“So did you guys have your baby?” Her voice was filled with excitement. I had been waiting for this question. We visited this little Mexican food restaurant frequently. It was right around the corner from our house. She had seen my belly. She had made conversation. I knew it was only a matter of time before she asked about him. I looked away and my husband saved me. He told her we lost him. Her face dropped. She was uncomfortable. I could see her panic, not sure what to say. What came out was like salt in the wound, “I’m sure it was for a good reason, right?” I didn’t hold it against her. I felt bad for her. I know it’s hard to know what to say. I know we ruined her night. But it still hurt. A good reason? What could possibly be a good reason for this? We’ve heard so many versions of this cliché:
Everything happens for a reason.
He wasn’t meant to stay.
Heaven just needed him.
God has a plan.
Something must have been wrong with him. Maybe this saves you from something harder down the road.
One day we’ll understand why this happened.
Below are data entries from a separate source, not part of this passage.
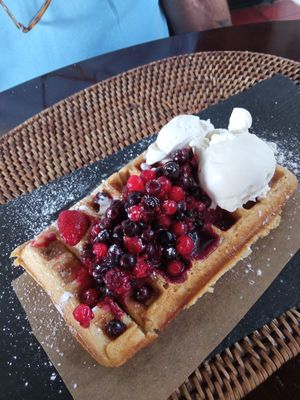 Gaufres with Red fruits and vanilla ice cream at El Patio Del Vino in Lanzarote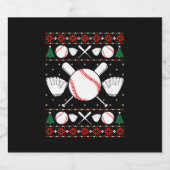 Baseball Ugly Christmas Sweater Schaumweinetikett (Einzelnes Label)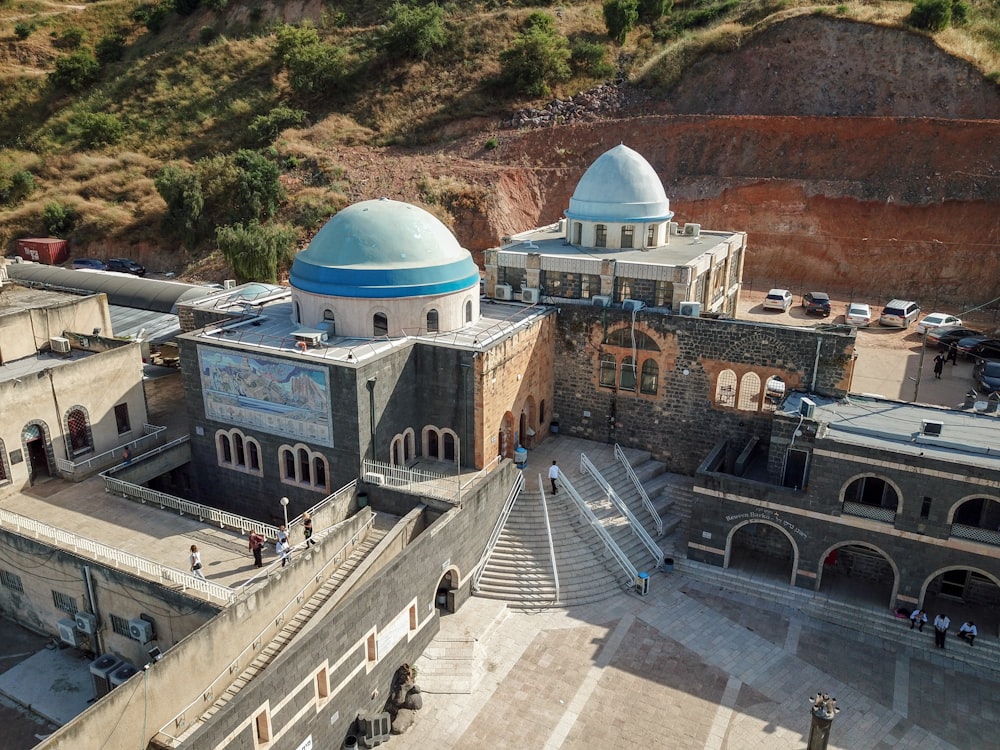 white and blue dome building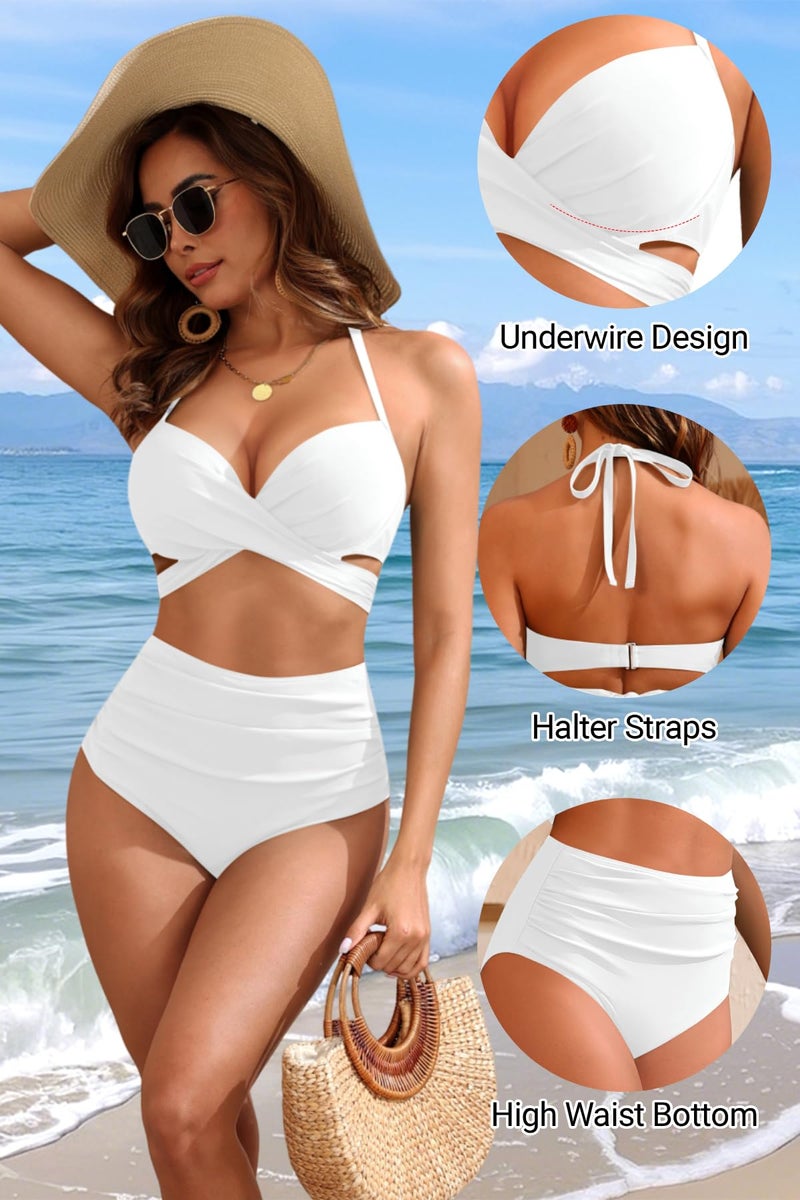 Tempt Me White High Waisted Underwire Bikini Sets - Women 2025 Two Piece Swimsuits Halter Bathing Suits with Tummy Control Bottom L - Image 4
Please, don’t say ANY of these things to someone who has lost their child. I no longer believe that everything happens for a good reason. He wasn’t meant to stay? Why did I ever get him to begin with? He was meant for so much more than death. Heaven needed him…. no, I need him. He belongs right here in my arms. This isn’t God’s plan. Bad things just happen. There was nothing wrong with him. He was perfect. And even if something were wrong, I’d rather have the opportunity to face that, spending as much time with him as possible. One day we’ll see why this had to happen? I doubt that very much. There will never be a reason good enough to warrant the loss of my son. I don’t think I will ever look at my life and think, “Yes, this is why my baby died.” But I will try to make my life good again. I will try to use his life to make something beautiful and meaningful. I will allow myself to be changed. I will share my beat up heart with the world in hopes of making a difference.
If you find yourself in the uncomfortable situation of not knowing what to say, try this instead: “I’m so sorry. I don’t know what to say. I know nothing can make this better. But I’m sorry.” Be there. Without advice. Without answers. Without trying to fix us. We can’t be fixed. We will all have our own grief journey, and clichés will never be a part of them.